Both reductions are proved to be homeomorphisms between the original spherical polygon and its planar image, meaning the winding number computed on the plane is exactly the spherical winding number. The authors combine each reduction with a state‑of‑the‑art wn‑based planar PiP algorithm (e.g., the O(n) algorithm of Hormann & Agathos) and obtain an O(n) solution for SPiP on BAE polygons. They also discuss a common concern: numerical instability near the poles or when edges approach antipodal positions. The rotation method can suffer from round‑off when the rotation angle is near π, while the gnomonic method can amplify errors for points far from the projection centre. The paper shows that, because the BAE condition prevents edges from straddling the antipode, these instabilities are bounded and do not affect correctness.

To validate the theory, the authors provide MATLAB code that implements both reductions and runs three test cases: (a) a highly concave polygon completely inside a hemisphere, (b) a polygon whose edges come arbitrarily close to the antipodal great circle without crossing it, and (c) a pathological case where a previously published SPiP algorithm misclassifies an interior point as exterior. In all cases the proposed reduction‑wn pipeline yields the correct classification, and execution times are an order of magnitude faster than triangulation‑based spherical methods.
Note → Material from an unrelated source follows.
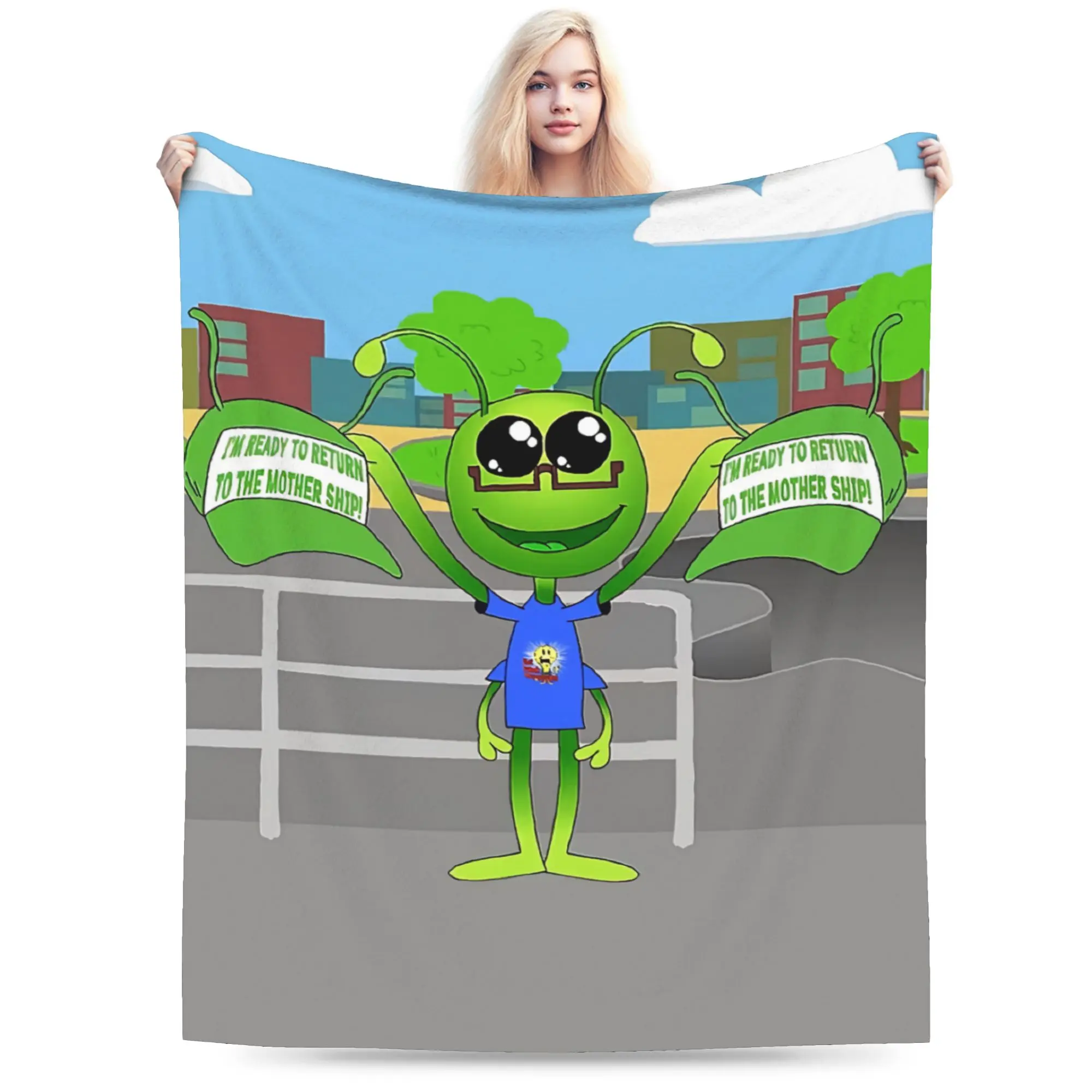 Comfort F-Fact A-Attack Adventures Blanket Merch Sofa Decorative  Throw Blanket Super Warm Coral Fleece Plush for Bedroom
The paper concludes with practical implications. In geographic information systems, navigation, and astronomy, many operations (e.g., clipping, containment queries, spatial indexing) require fast point‑in‑polygon tests on the sphere. By enforcing or preprocessing polygons to satisfy the BAE condition—either directly (if they already lie in a hemisphere) or by splitting them into BAE sub‑polygons—the proposed approach offers a simple, robust, and highly efficient alternative to existing spherical algorithms that rely on complex spherical triangulations or Monte‑Carlo sampling. The work thus bridges a theoretical gap in spherical topology and delivers a ready‑to‑use solution for real‑world spherical geometry problems.